___ RECORDS FOR THE EXERCISE ___

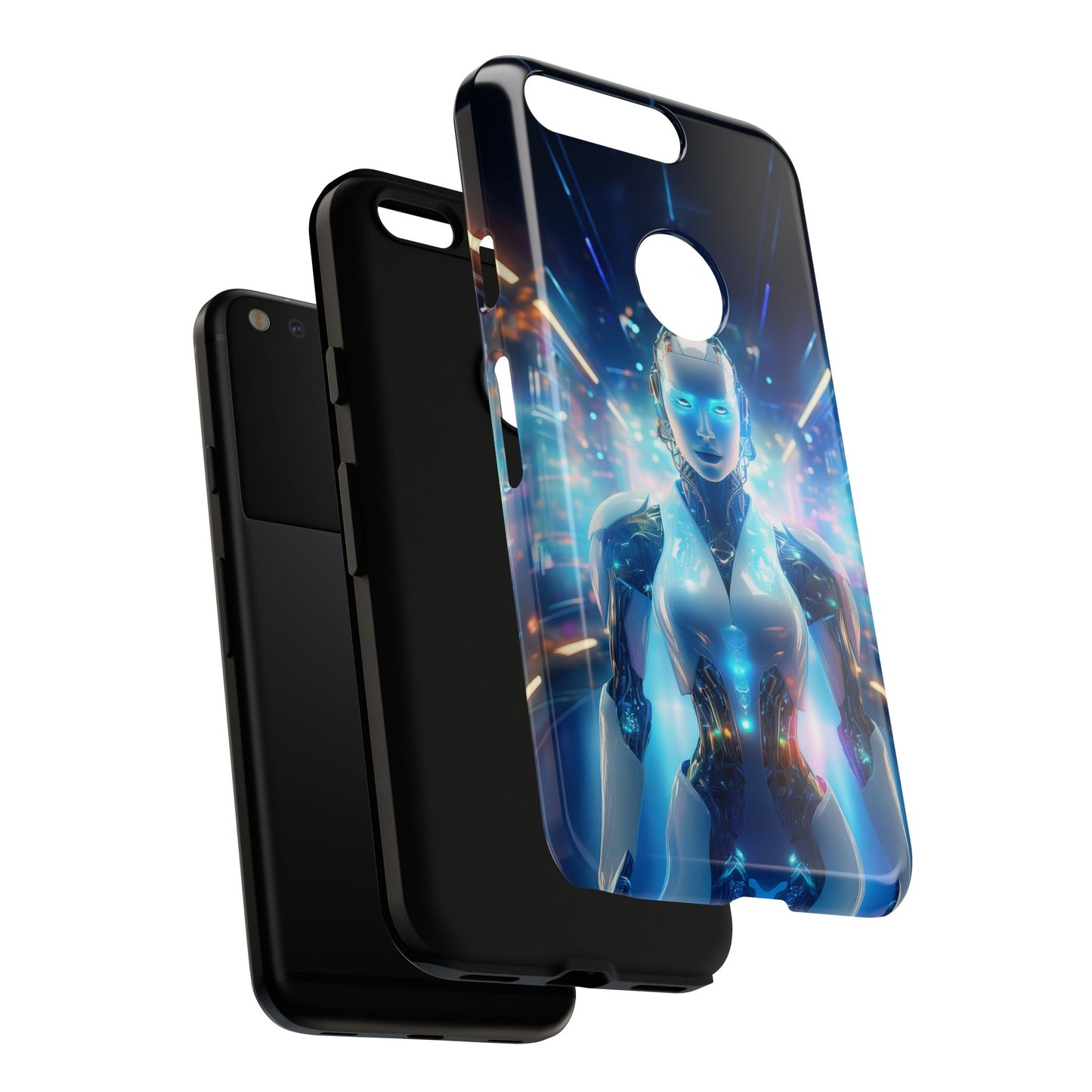 Futuristic Human Android Hybrid Cell Phone Case 012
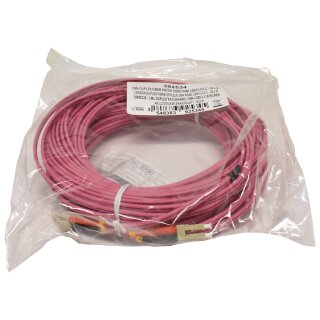 Corning OM4 Duplex FIBER Patch Kabel Cord Pink LSZH LC/LC-30m NEU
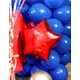 Red star foil balloon 53 x 46 cm, image 2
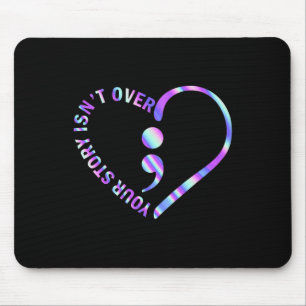 Mousepad Sua história não é sobre prevenção suicida consciê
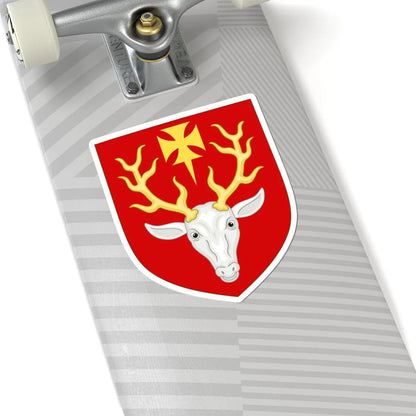 Coat of Arms of Hertford College Oxford (England) (Coat of Arms) STICKER Vinyl Kiss-Cut Decal - The Sticker Space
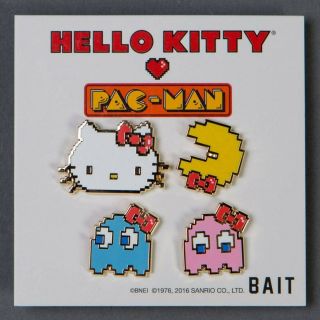 Bait X Sanrio X Pac - Man Hello Kitty Pac - Man Ghosts 4 Pins Set Multi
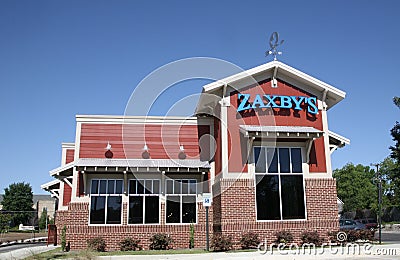 Zaxby`s Restaurant Storefront Editorial Stock Photo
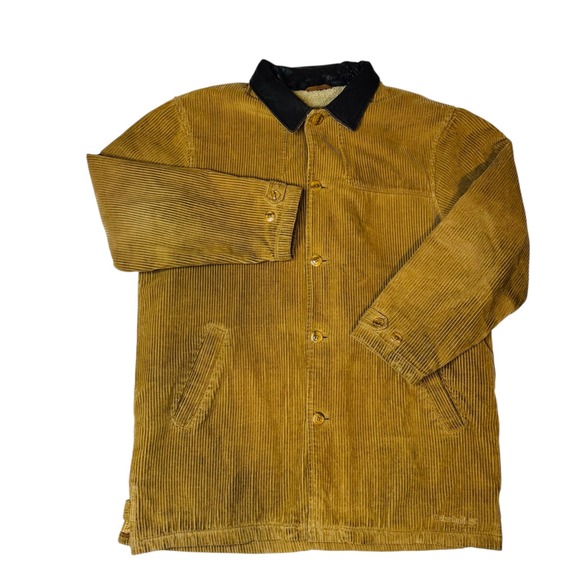 Timberland Other - Timberland Mens Corduroy Sherpa Lined Trucker Chore Barn Jacket Brown Size Large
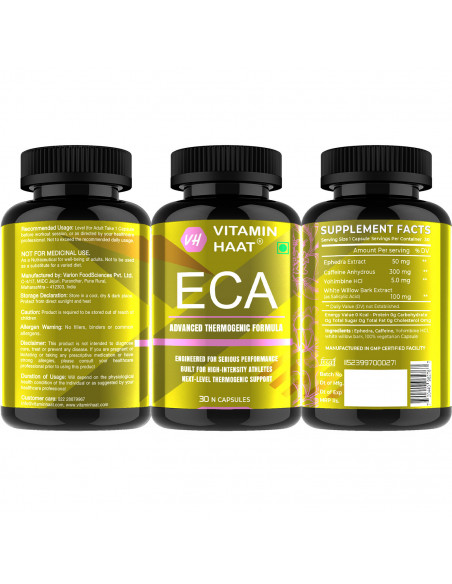 Caffeine, Ephedra Extract, L-Theanine Capsules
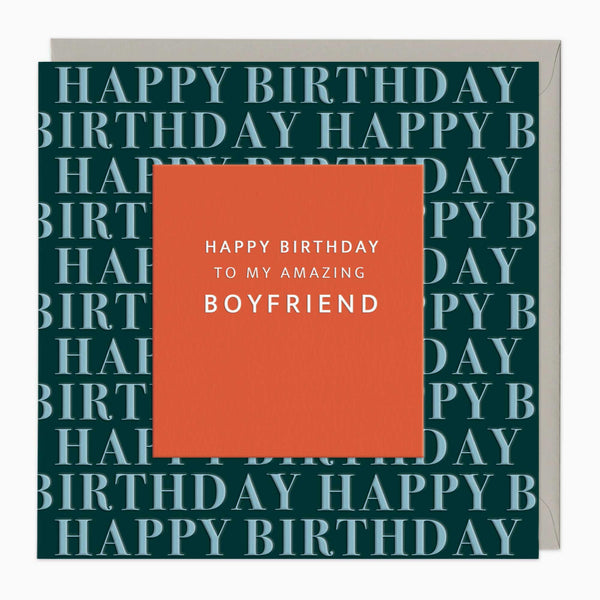 Greeting Card-G061 - Amazing Boyfriend Birthday Card-Whistlefish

___

■ GOAL OF THE EXERCISE:
Using the data above, return the lines from the one holding "Corning OM4 Duplex" through the one holding "Coat of Arms of" exactly, but not the pictures.

■ TASK RESULT:
 Corning OM4 Duplex FIBER Patch Kabel Cord Pink LSZH LC/LC-30m NEU
 Red star foil balloon 53 x 46 cm, image 2
 Mousepad Sua história não é sobre prevenção suicida consciê
 Coat of Arms of Hertford College Oxford (England) (Coat of Arms) STICKER Vinyl Kiss-Cut Decal - The Sticker Space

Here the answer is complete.